Strażnik to już 25 tom serii z Jackiem Reacherem. Lubię sięgać po książki z tego cyklu, ale nie przeczytałam jeszcze wszystkim i na pewno nie robię tego chronologicznie. Myślę, że nawet jeśli tak jak czytacie wybrane pozycje lub nie czytaliście jeszcze rzadnej to i tak możecie zapoznać się ze Strażnikiem.

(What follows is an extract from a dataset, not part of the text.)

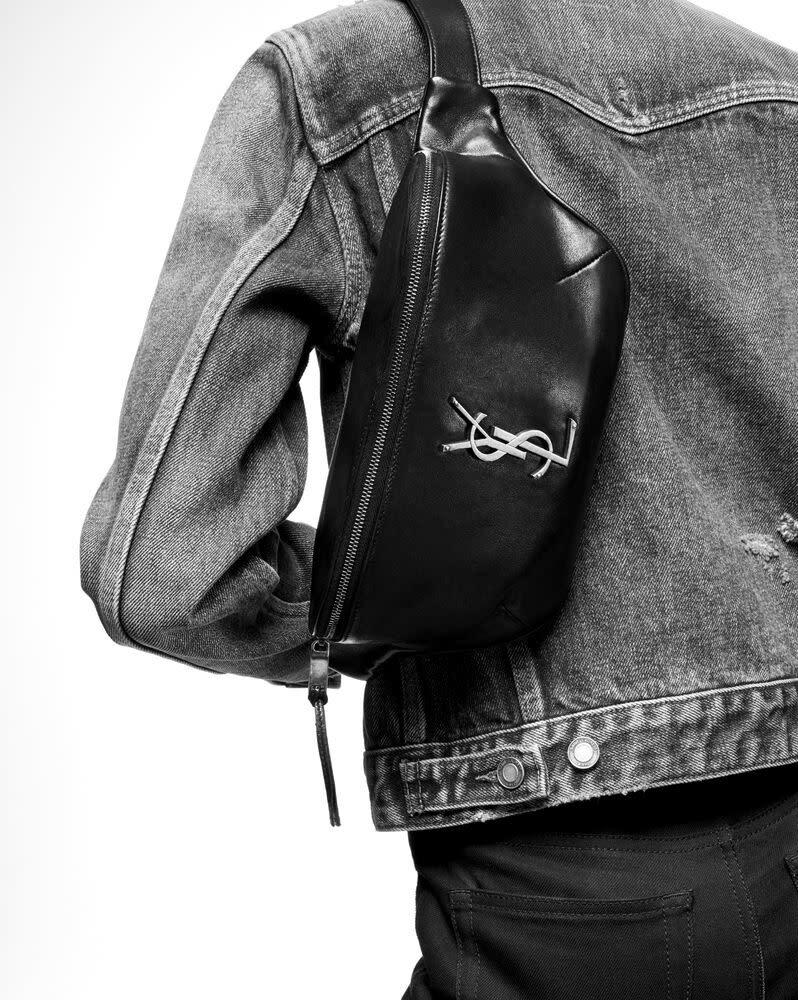 Black Saint Laurent Monogram Leather Belt Bag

Reacher właśnie rozwiązał w Nashville palący problem – jak powiesić nad barem właściciela pubu, żeby za bardzo nie uszkodzić sufitu? – i nic go już nie trzyma w tym mieście. Kiedy więc trafia się podwózka, chętnie z niej korzysta. W sennej mieścinie 120 km dalej raczej nie ma nic ciekawego, ale kawę pewnie mają, więc czemu nie? I na kawie by się skończyło, gdyby Reacher nie stał się świadkiem próby porwania. Czterech na jednego. Wprawdzie radził już sobie z większą liczbą przeciwników, ale Rusty Rutherford nie, bo jest specjalistą od informatyki, a nie od walenia ludzi po mordach. I wyraźnie potrzebuje pomocy. Mieszkańcy miasta mają Rusty’emu za złe, że dopuścił do cyberataku, z powodu którego całe hrabstwo jest sparaliżowane. Ale to nie oni stoją za atakami na niego. Ci, którzy chcą go dopaść, są bezwzględnymi profesjonalistami.

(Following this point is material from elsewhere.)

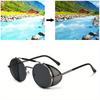 1 STÜCKE Steampunk Runde Sonnenbrillen mit Metallrahmen Mode Retro Männer Klassische Runde Sonnenbrillen Shades Schutz Sonnenbrille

Mając za sobą już kilka książk, Childa widziałam już czego mniej więcej, mogę się spodziewać. Strażnik to książka, którą współtworzył brat autora, Andrew Child. Czy takie połączenie wyszło historii na dobre? Obawiałam się, że to może nie zagrać, ale na szczęście tak się nie stało. Lubię Jacka Reachera – tajemniczy, inteligentny i jednocześnie szukający sprawiedliwości. Zawsze znajdzie wyjście z sytuacji. W tej części dopisuje mu także humor, a jego riposty jak zawsze są trafne. Podobało mi się, że w tej historii nasz bohater wkracza w XXI wiek i mamy tutaj nowoczesne technologie i dużo informatyki, czyli coś, co bardzo lubię i czym się interesuję.

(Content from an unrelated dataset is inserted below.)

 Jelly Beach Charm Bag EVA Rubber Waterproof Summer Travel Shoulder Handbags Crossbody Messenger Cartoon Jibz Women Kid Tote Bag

Jeśli lubicie filmy sensacyjne lub powieści z tego gatunku to gwarantuję, że Strażnik przypadnie wam do gustu. Warta akcja i ciekawa fabuła sprawiają, że książkę czyta się błyskawicznie. Myślę, że fani tej serii także się nie zawiodą. Historia napakowana jest adrenaliną i sprawia, że nie można się od niej oderwać. Strażnik zapewnia dobrą rozrywką i na pewno nie będziecie się przy niej nudzić. Ja zawsze z wielką przyjemnością wracam do przygód Jacka Reachera. Całość jest przemyślana, nie znajdziecie tutaj barwnych opisów, a za to szybkie tempo i zaskakujące zwroty akcji. A na końcu książki mamy bonus w postaci wywiadu z Lee Childem oraz Andrew Childem.